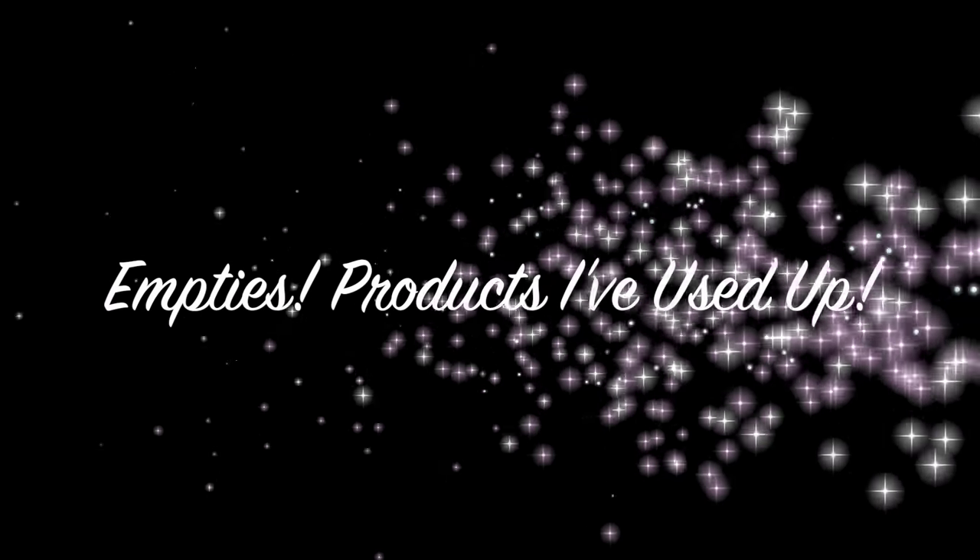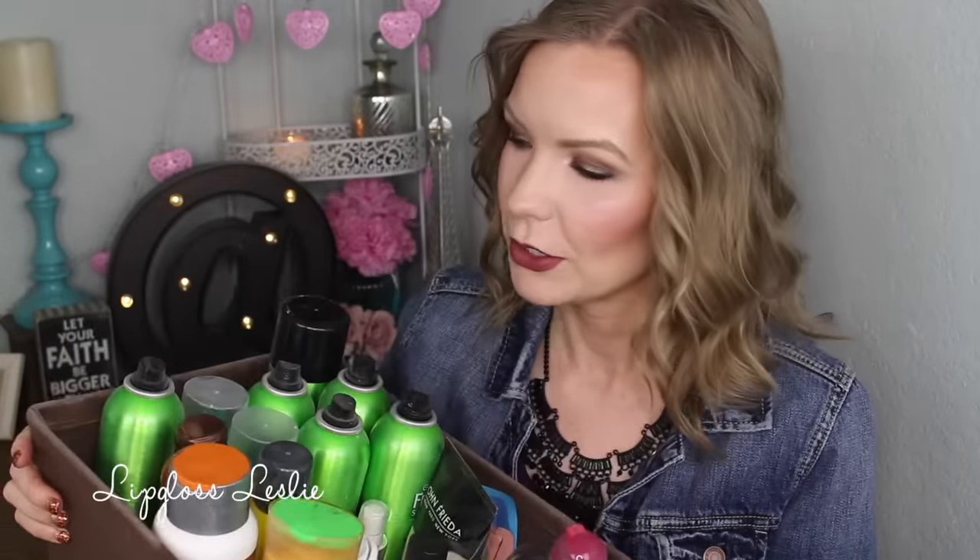Hey guys, welcome back. So I've got another empties video for y'all today with a lot of different things. I organize it all so it's kind of grouped so I can quickly run through the products. That's why my basket looks so neat and organized. I have some things to go over — I'm going to give you some mini reviews and my thoughts on them and just show you what's in my trash. So let's get to it.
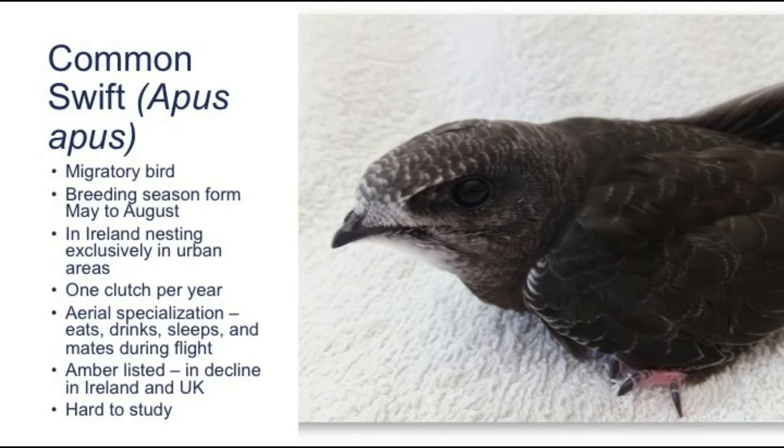Before I get into the details of the project, I want to introduce you to the subject of my research: the common swift. It's a highly migratory species that spends most of the year in its wintering grounds in Africa. However, the breeding grounds are in the northern hemisphere, including Ireland. The breeding season begins in May with their arrival at their nests and ends in September when they depart. Each season, a pair of swifts will come back to the same nest, lay one clutch per year, and if the breeding season is successful, one to three chicks will fledge from one nest.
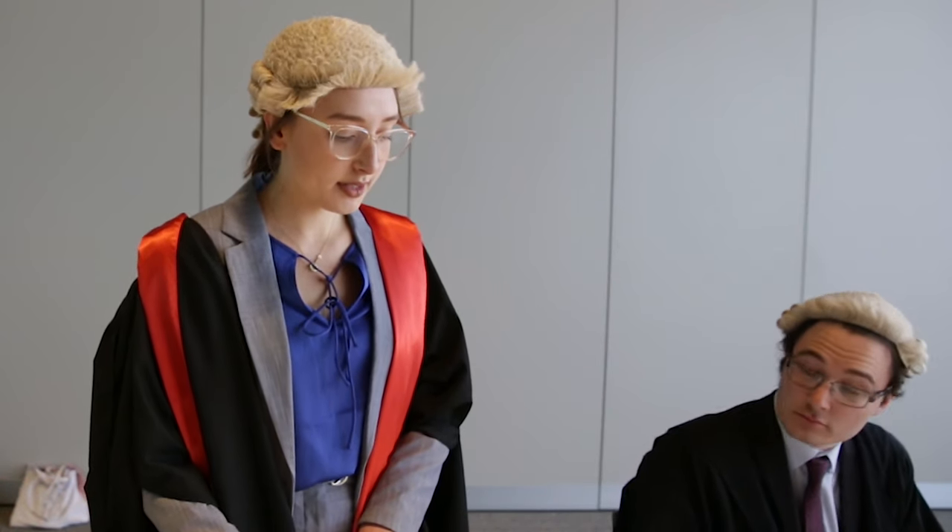Of course, this room is also used to hold a number of moots throughout the year. So this year we're holding the Jessop Moot, an international competition where students from all around Australia came to appear in this room before going on to the High Court.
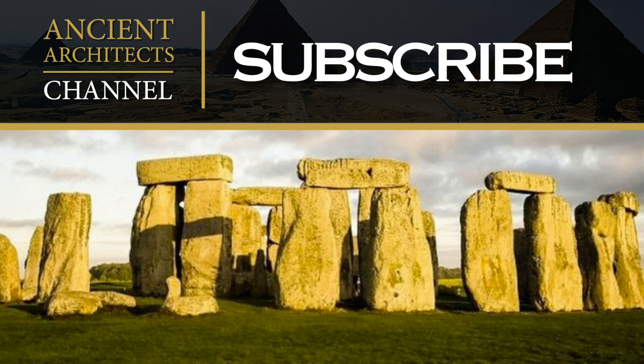Thank you very much for watching this news update from Ancient Architects. If you enjoyed the video, please subscribe to the channel, please like the video, and please leave a comment below.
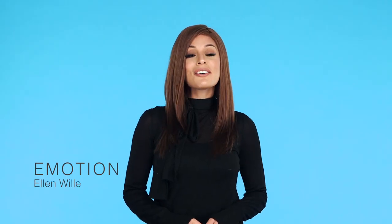Emotion by Ellen Villa is a long-layered human hair beauty. It has a hand-tied cap and lace front to provide the most natural-looking movement and seamless hairline. This is color Chocolate Mix.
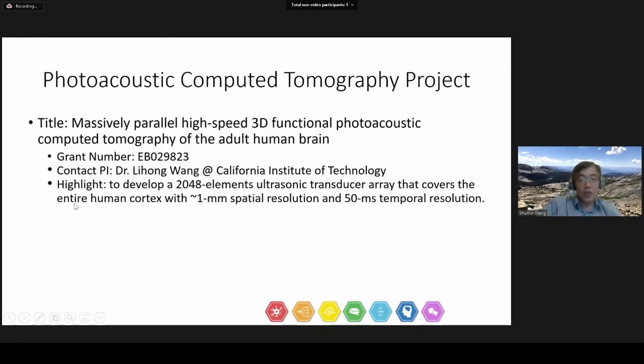Finally, we just funded Dr. Li Hong Wang from Caltech in 2020 to develop a 2048-element array that can cover the entire human cortex for photoacoustic computed tomography study. This device can provide 1 mm spatial resolution and 50 ms temporal resolution for hemodynamic study. With this, I conclude my presentation. Thank you.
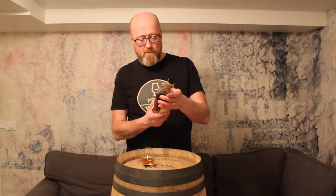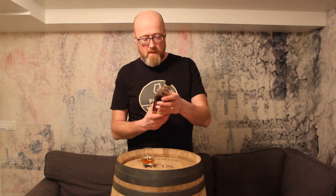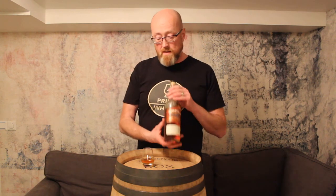Stay tuned and I will let you know. So we start off with the nose. Unfortunately it's bottled at 40% ABV, and it's with coloring and most likely chill-filtered — otherwise it should be higher ABV.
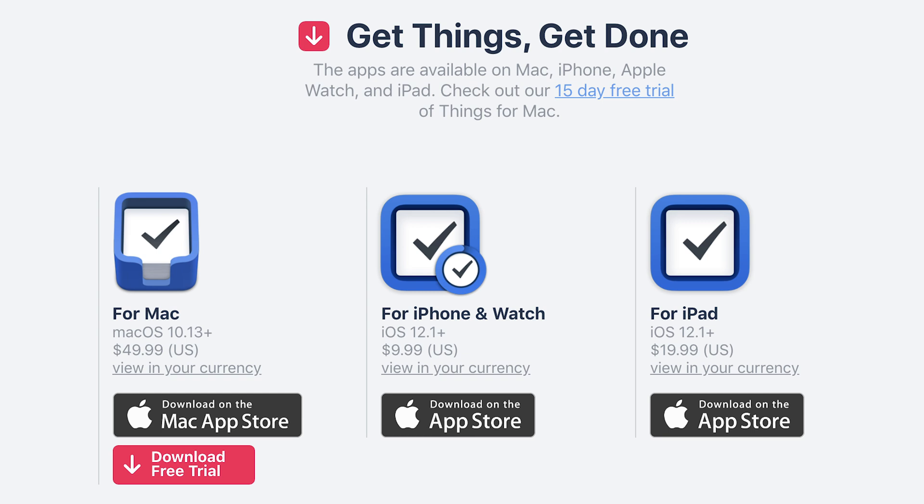Before jumping into it I want to highlight some things I do not like about the app. Firstly, it is only available on Apple devices. I'm an Apple user so that doesn't matter to me as much, but I know that's a big turnoff for a lot of people. So if you don't have an iPhone, iPad, or Mac, you cannot use this app. The second thing I don't like is that it's not free — it costs $10 for the iPhone app and $50 for the Mac app, purchased separately. The one thing I do like is there's no subscription; once you buy it, you own it.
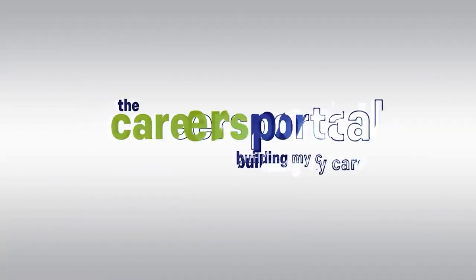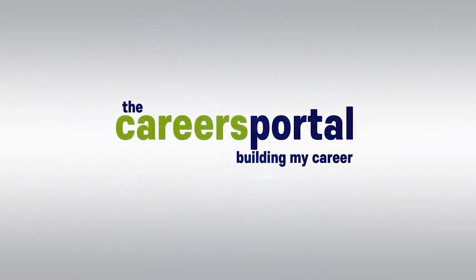Hi everyone, I'm Lerato from Careers Portal and today I'll be filling you in on how to find ways to pay for your short course. Careers Portal is your one-stop shop when it comes to finding learnerships, internships, and bursaries, as well as any information you may need about studying and your future career.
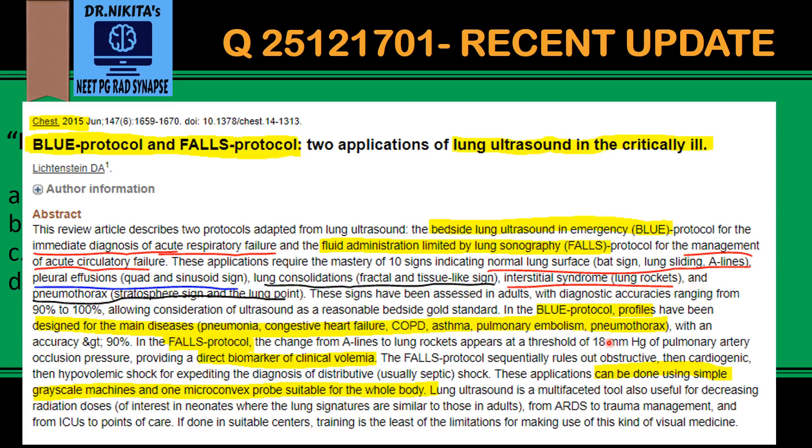It is a biomarker of clinical volemia. The beauty of these protocols is that BLUE and FALLS can be performed using simple grayscale machines with one probe, and they are easy to perform.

::::

(Your task)
An exact repeat of all the data is required, pictures excluded.

(Answer to this exercise)
Hey guys, welcome back. So I've got another empties video for y'all today with a lot of different things. I organize it all so it's kind of grouped so I can quickly run through the products. That's why my basket looks so neat and organized. I have some things to go over — I'm going to give you some mini reviews and my thoughts on them and just show you what's in my trash. So let's get to it.
Before I get into the details of the project, I want to introduce you to the subject of my research: the common swift. It's a highly migratory species that spends most of the year in its wintering grounds in Africa. However, the breeding grounds are in the northern hemisphere, including Ireland. The breeding season begins in May with their arrival at their nests and ends in September when they depart. Each season, a pair of swifts will come back to the same nest, lay one clutch per year, and if the breeding season is successful, one to three chicks will fledge from one nest.
Of course, this room is also used to hold a number of moots throughout the year. So this year we're holding the Jessop Moot, an international competition where students from all around Australia came to appear in this room before going on to the High Court.
Thank you very much for watching this news update from Ancient Architects. If you enjoyed the video, please subscribe to the channel, please like the video, and please leave a comment below.
Emotion by Ellen Villa is a long-layered human hair beauty. It has a hand-tied cap and lace front to provide the most natural-looking movement and seamless hairline. This is color Chocolate Mix.
Finally, we just funded Dr. Li Hong Wang from Caltech in 2020 to develop a 2048-element array that can cover the entire human cortex for photoacoustic computed tomography study. This device can provide 1 mm spatial resolution and 50 ms temporal resolution for hemodynamic study. With this, I conclude my presentation. Thank you.
Stay tuned and I will let you know. So we start off with the nose. Unfortunately it's bottled at 40% ABV, and it's with coloring and most likely chill-filtered — otherwise it should be higher ABV.
Before jumping into it I want to highlight some things I do not like about the app. Firstly, it is only available on Apple devices. I'm an Apple user so that doesn't matter to me as much, but I know that's a big turnoff for a lot of people. So if you don't have an iPhone, iPad, or Mac, you cannot use this app. The second thing I don't like is that it's not free — it costs $10 for the iPhone app and $50 for the Mac app, purchased separately. The one thing I do like is there's no subscription; once you buy it, you own it.
Hi everyone, I'm Lerato from Careers Portal and today I'll be filling you in on how to find ways to pay for your short course. Careers Portal is your one-stop shop when it comes to finding learnerships, internships, and bursaries, as well as any information you may need about studying and your future career.
It is a biomarker of clinical volemia. The beauty of these protocols is that BLUE and FALLS can be performed using simple grayscale machines with one probe, and they are easy to perform.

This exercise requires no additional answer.